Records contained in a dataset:
↓
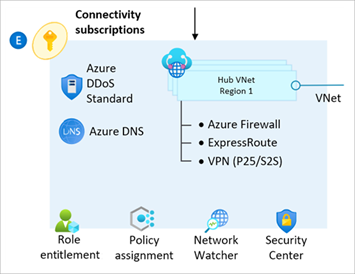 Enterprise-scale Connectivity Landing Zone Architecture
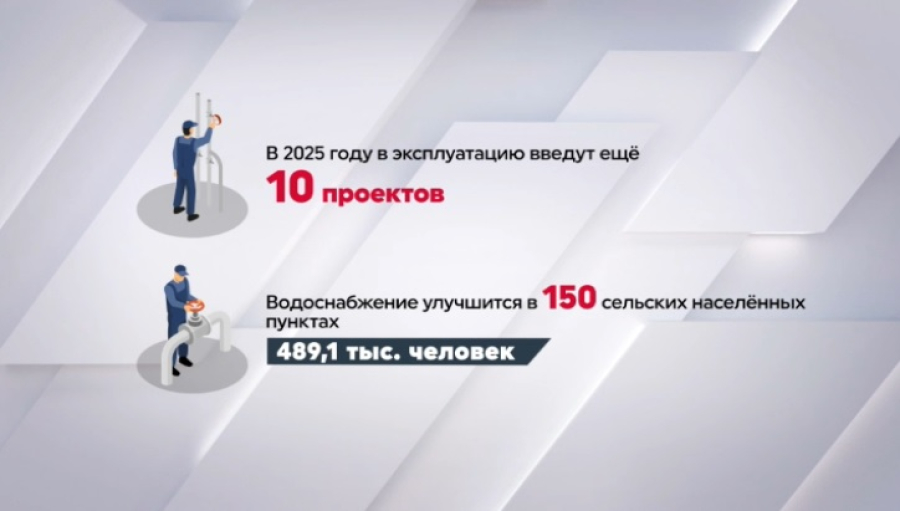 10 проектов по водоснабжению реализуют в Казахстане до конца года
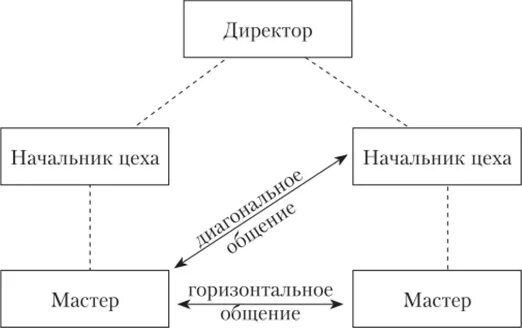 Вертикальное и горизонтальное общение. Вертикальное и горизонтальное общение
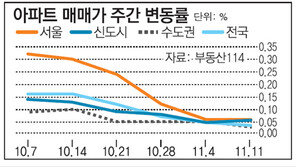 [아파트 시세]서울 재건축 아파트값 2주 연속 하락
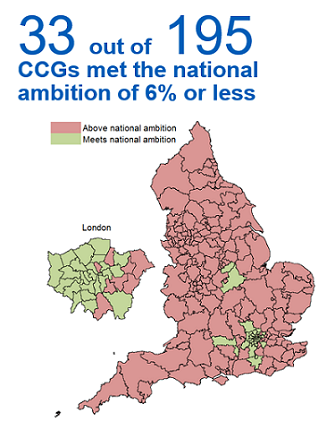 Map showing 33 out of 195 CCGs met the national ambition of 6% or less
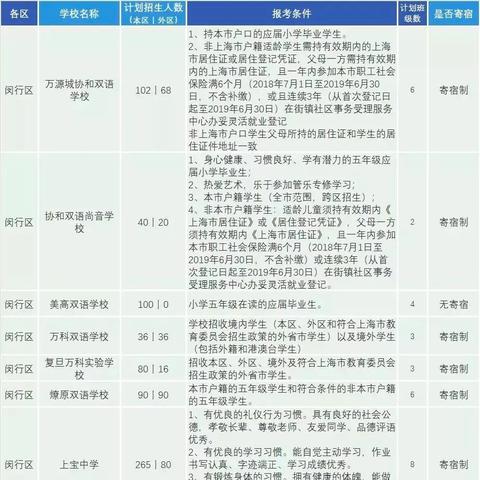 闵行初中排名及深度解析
↑
PROBLEM DESCRIPTION: Write the entries above out again exactly, but not the pictures.

ANSWER TO THIS PROBLEM:
 Enterprise-scale Connectivity Landing Zone Architecture
 10 проектов по водоснабжению реализуют в Казахстане до конца года
 Вертикальное и горизонтальное общение. Вертикальное и горизонтальное общение
 [아파트 시세]서울 재건축 아파트값 2주 연속 하락
 Map showing 33 out of 195 CCGs met the national ambition of 6% or less
 闵行初中排名及深度解析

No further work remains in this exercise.